The Investigators: Password Stealers
Wi-Fi PROTECTION CHECKLIST:
* WPA or WPA 2-ENCRYPTED ROUTERS
* UPGRADED ANTI-VIRUS/SPYWARE/MALWARE SOFTWARE (www.avg.com; www.malwarebytes.org)
* 8-CHARACTER PASSWORDS: MIXING LETTERS, DIGITS, SYMBOLS & CASES
* UPDATE SOFTWARE "PATCHES"
* UPDATE OPERATING SYSTEM (WINDOWS, ETC.)
MEMPHIS (WMC-TV) - If you're on a wireless network, safe web browsing is only as secure as your router.
If your router has no encryption -- or it has Wireless Encryption Protocol (WEP) encryption -- Jeff Horton could grab whatever comes across your wireless network.
"I could capture passwords," said Horton, owner of One Point Solutions Group of Germantown, TN (http://www.onepointsg.com/), a network security auditing company. "I could see e-mails going in and out, credit card authorizations...I could do that without anybody knowing it."
Horton said WEP encryption was the industry's first attempt at wireless security more than six years ago. But he said hackers learned to pick right through WEP within six months of its introduction to the market.
"Really quickly, there were some hackers and security professionals who were able to demonstrate that WEP can be broken," he said. "It has to do with processing power. Encryption security, that evolves over time."
Not only did Horton demonstrate that he could compromise non-encrypted wireless networks, but he also broke into my WEP-encrypted wireless network. He was able to watch me browse the Internet in real time: the sites I surfed, the keys I stroked, even a password I temporarily changed in an attempt to cross him up.
We discovered mine isn't the only wireless network at risk.
Horton and the Action News 5 Investigators cruised a corridor of Poplar Avenue West from Kimbrough Woods subdivision in Germantown to Chickasaw Gardens in East Memphis. With his laptop rigged with tools to detect not only wireless networks, but also their encryption status, Horton detected 1,738 commercial and residential networks.
462 had no encryption at all, nearly 27 percent.
511 had WEP encryption.
But 765 -- 44 percent -- had what Horton called the standard in wireless encryption: Wi-Fi Protected Access (WPA, WPA 2).
"If you have a router that is six or seven years old and doesn't support (WPA or WPA 2), I would recommend that you would go out to any of the big-box retailers, and you can get a newer device that will support any of those for $40 or $50," said Horton. "WPA is much stronger encryption and authentication. Any router that you would buy now would probably support either WPA or WPA 2."
Until you upgrade your router, Horton recommended downloading FREE anti-virus/spyware software at either http://free.avg.com/us-en/download-avg-anti-virus-free or http://www.malwarebytes.org/ to bolster your computer's virus protection.
Spec. Agent Rick Harlow, the agent-in-charge of the U.S. Secret Service's Memphis office, recommended being more creative with passwords. He said professional hackers can compromise a 5-character, non-case sensitive password of just letters and digits in ten minutes.
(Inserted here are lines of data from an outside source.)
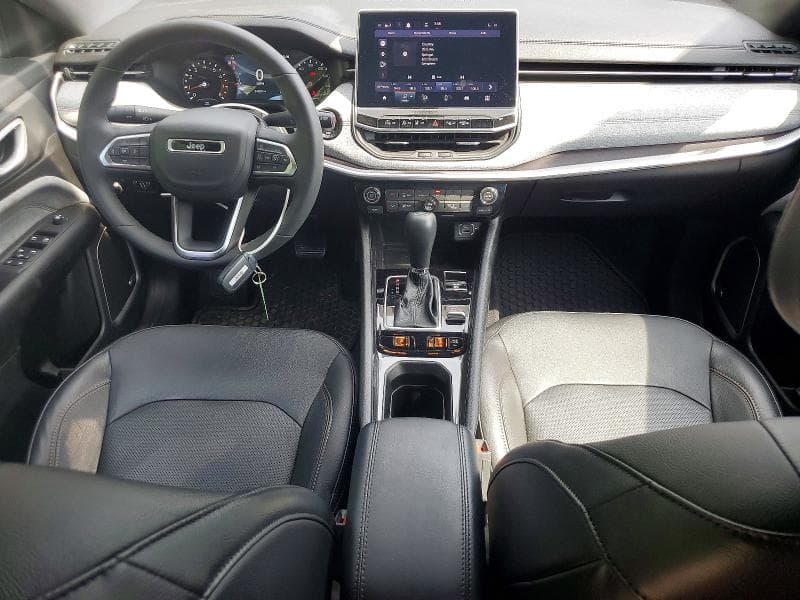 2023 JEEP COMPASS LATITUDE LUX 8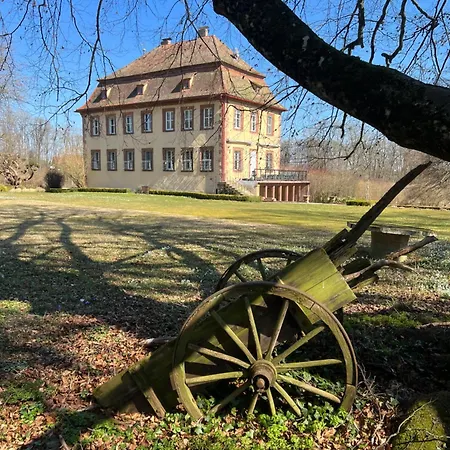 Private In Historic Castle From 1608 With Tenniscourt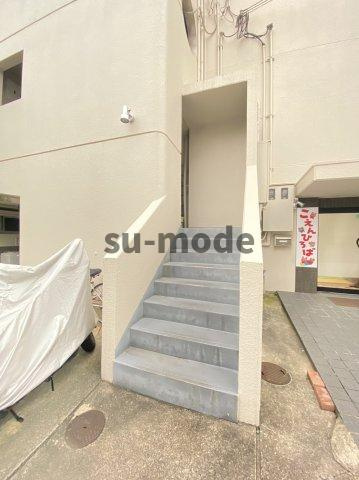 総持寺グリーンハイツのエントランス
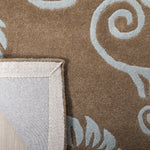 LIGHT BROWN / BLUE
Harlow and the Payment Card Industry Data Security Standard (PCI DSS) recommended passwords of 8 CHARACTERS with at least 1 UPPER CASE, 1 LOWER CASE and 1 SPECIAL CHARACTER (#$%, etc.).
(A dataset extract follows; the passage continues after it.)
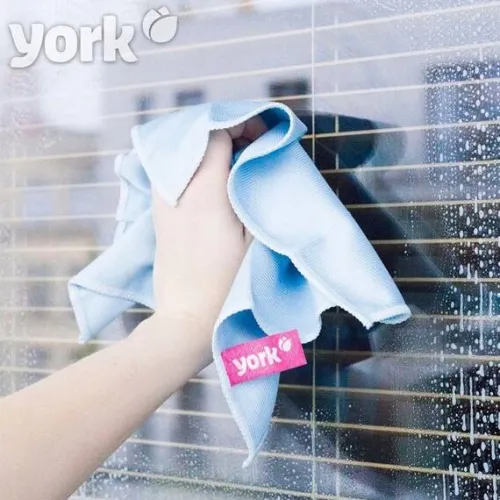 cierka_z_mikrofibry_do_ok_2.webp Ścierka z mikrofibry do okien WINDOW York czyści na błysk - 1 sztuka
Harlow also said you should upgrade "patches" to software applications like Java and others when prompted.
"The reason those patches are out there is because a vulnerability has been discovered," said Harlow. "Anytime you have an open portal...any time you have the ability to get into a system remotely, that's another vulnerability."
Horton also suggested updating your operating system every time its manufacturer upgrades it (Ex: if it's Windows, used Windows Update to upgrade its security).